New year, New Resolutions people say. Not really. I'm trying to eat healthier and cut out fast food. Im trying to go to the gym more also. Im not trying to cut immense amount of weight, but trying to workout and see what I can lose.But Im also trying to work harder. Get the money that I want to make. No more excuses about stuff. Put the ball in my court and see what I can do with it. Now, I am not saying that this year is gonna be about just making money. Its not. Its gonna be about working hard in everything I do. Francis Chan said that you have to "Live out Loud". Damn it, Imma do it this year.

Thursday, January 12, 2012

54/100 Philly Part 1; Second Childhood

Philly. One of the best things about Philly was probably seeing my friends. So my friends and I go to this Korean bar. I see some people I know and they were doing some shit they use to do like ten years ago. My friends and I were like thats messed up. They were hanging out with young girls and everything. I saw some of my other friends and they still look like they are doing the same things we were doing in highschool.

As Nas says, people are living in their second childhood. Some of these people I dont see them growing just wanting to do the same things. Or more appropriately them not wanting to grow. Kinda pathetic, if you ask me. We are grown up people and we should not act like little kids. Not that we have to act all stuffy and old, but not like little frat boy douche bags. Act like your a freaking man.

53/100 3 questions

Went to philly a couple weks ago.  I love philly by the way. Well im from there.  But there are three questions people generally would ask me. 


1 Hows Atlanta?


2 do you like it?


3 are you ever gonna move back?


Generaly i would answer

1 its good


2 yeah i like it


3 i dunno,  whereever my life leads me.


Afterwards if they want more in depth answers,  i would usually tell them that my life is really good right now.  I have a good group of friends.  Job that is ok for now.  I am really good right now.  I am really comfortable.  Life is good.

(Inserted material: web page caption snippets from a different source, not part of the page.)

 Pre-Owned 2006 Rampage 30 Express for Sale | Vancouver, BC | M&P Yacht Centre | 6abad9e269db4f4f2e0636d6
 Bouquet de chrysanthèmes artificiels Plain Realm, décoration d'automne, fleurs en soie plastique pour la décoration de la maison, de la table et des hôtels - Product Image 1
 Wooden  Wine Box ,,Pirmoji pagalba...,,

Published with Blogger-droid v2.0.3

Wednesday, January 11, 2012

Post 52/100 Traveling

Ive been traveling these past couple of weeks. Philly for about ten days. Vegas for a couple of days. Mostly did family stuff in that time. I got to tell you that traveling sucks. I don't know how consultants do it. I drove up to Philly. 12 hour drive both ways. You pretty much get to think a lot. Analze everything that happened in the past year or so. I though about my future and such things.

Vegas, I took a place. Had one stop both ways. Also got to think of many things. Looked at a lot of people. Basically I will chronicle everything I though of the past couple of weeks.

Thursday, January 5, 2012

51/100 The way I am

Too often these days I have been saying that is just the way I am. I realize that is the worst thing to say. It is true, but I should be working to change that and becoming someone better. Next time I realize that is who I am and my goal is to change that. Slowly try and try to change who I am and become that person that I want to be.I do not want to limit myself. Get my Bradley Cooper. (Limitless).

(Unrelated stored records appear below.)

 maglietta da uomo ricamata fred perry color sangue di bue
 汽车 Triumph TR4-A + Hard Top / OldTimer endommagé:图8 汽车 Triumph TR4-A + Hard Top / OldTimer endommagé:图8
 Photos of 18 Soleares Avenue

Yeah that was corny. What do you really expect.

Wednesday, January 4, 2012

50/100 Prayers Answered

Its funny that we ask God for stuff and many times we don't really expect our prayers to be answered. I am in a small group where we share with each other and also do bible studies. We talk about life. We pray for things like direction or for someones health or other stuff. The other day, I was looking back upon our prayers. Most of our prayers were answered.

I believe it is important to say it and say it out loud that God answers prayers. He is not a God that is not in our daily lives, but He is our life.2011 was some amazing stuff, but hopefully God will answer more this year and reveal awesome things in our lives.

Tuesday, January 3, 2012

49/100 2012

So last year with this blog, I have failed at my goal to do a post every day for a hundred days. This is the new year and it is bascially a time to get back on track and recommit to things that I would like to accomplish. So here we go. 2012 is gonna be the year of change and renewal.